Umberto Saba

Umberto Saba was born in Trieste on March 9, 1883 from a Jewish mother and a Christian father and is brought up by a Slovenian nanny. Right from the beginning he misses the father figure and divides his love between the biological and the adoptive mother, thus living a difficult and melancholic childhood. The surname seems to recall the strong feeling for his Slovenian nanny Peppa Sabaz.

Saba studies erratically  and in 1903 he leaves for Pisa for university studies where he begins to suffer from depression and nervous disorders. During the following years he lives between Florence and Trieste where he meets his future wife Carolina Woelfler who inspires the Lina of his Canzoniere.

During the writing years of Saba, Trieste is part of the Austro-Hungarian Empire. Three languages are spoken in town: German, the chiefly spoken local dialect, and Italian which is part of a high literary tradition. Saba uses the latter in his simple and original poetry which does not follow contemporary preferences.

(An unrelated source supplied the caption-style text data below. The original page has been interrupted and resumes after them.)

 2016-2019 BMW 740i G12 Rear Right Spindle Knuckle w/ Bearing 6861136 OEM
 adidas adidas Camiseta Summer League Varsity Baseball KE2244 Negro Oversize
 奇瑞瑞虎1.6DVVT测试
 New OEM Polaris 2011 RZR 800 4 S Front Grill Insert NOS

His first book “Poesie” is published in 1911. In 1919 Saba buys and keeps the antique bookstore in Via San Nicolò. He dedicates his life to poetry and his bookshop. The first edition of the Canzoniere is published in 1921.

Later in his life his nervous instability grows and develops into a profound crisis and from 1929 on Saba goes into psychoanalysis with Doctor Edoardo Weiss in Trieste.

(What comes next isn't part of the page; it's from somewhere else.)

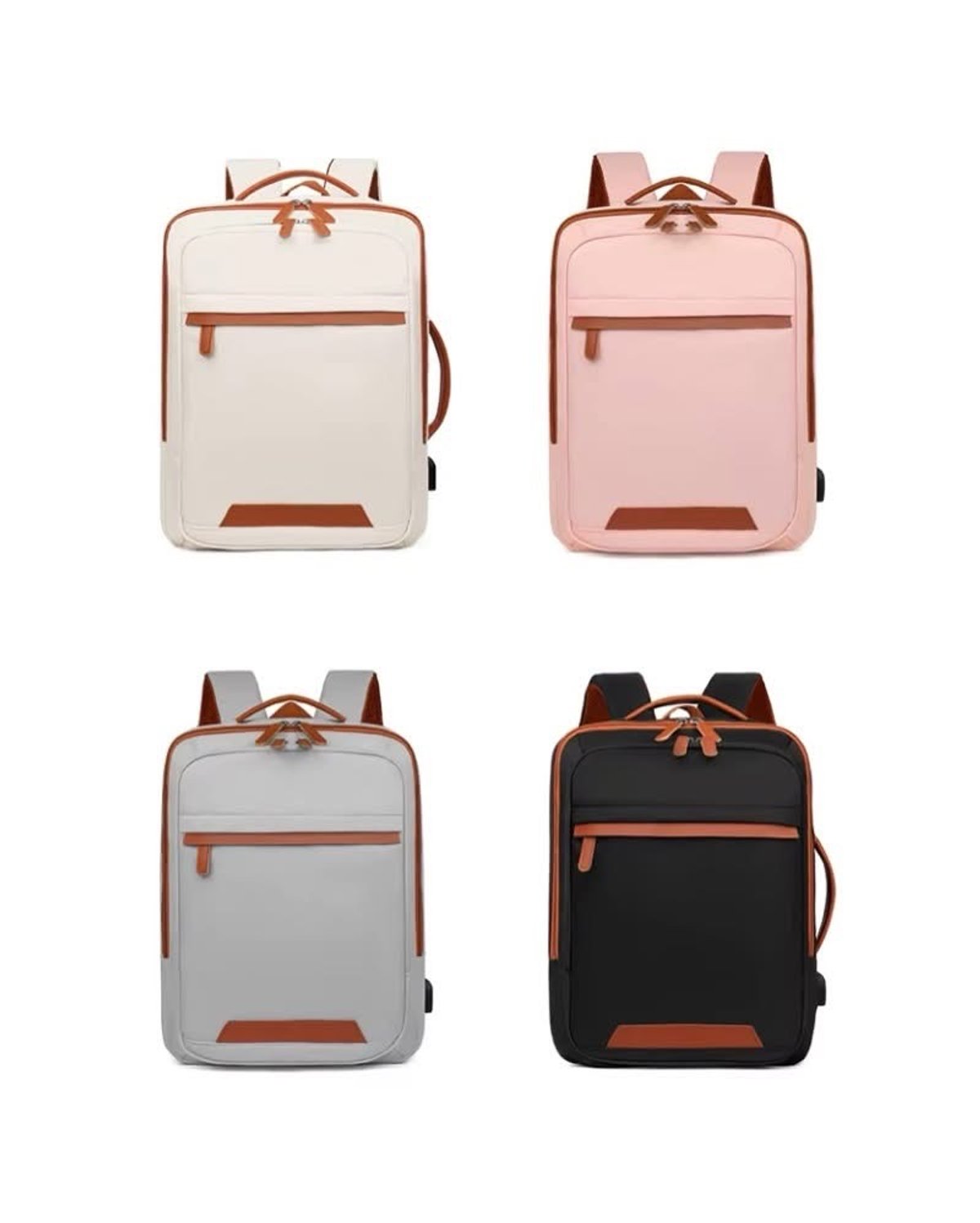 😍Hermosa mochila impermeable y ajustable🫧🍃 - 7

In 1945 Einaudi publishes the second edition of the Canzoniere gaining the author high praise from critics who up to this moment had given the cold shoulder to his verses, considering them lacking of freshness and originality.

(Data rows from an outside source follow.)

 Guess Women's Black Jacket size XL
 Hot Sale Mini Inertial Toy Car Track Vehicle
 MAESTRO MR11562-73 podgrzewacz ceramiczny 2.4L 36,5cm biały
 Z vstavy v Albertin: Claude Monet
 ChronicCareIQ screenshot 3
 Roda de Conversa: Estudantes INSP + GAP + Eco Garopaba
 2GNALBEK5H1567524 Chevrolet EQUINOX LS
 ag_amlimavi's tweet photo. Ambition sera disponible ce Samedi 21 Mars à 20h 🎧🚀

Saba writes simple and clear poetry, uses everyday words and describes aspects of everyday life. Trieste, his birthplace, is the main protagonist of his poetry: the sea which stands for flight and spiritual adventures; love and sentiment for persons and family and the relationship with nature. Saba deeply loves what he is writing about.

For Saba fame and praise arrive after the World War; today he is considered one of the most important Italian poets of the 19th century. The poet dies in 1957 in San Giusto Hospital in Gorizia.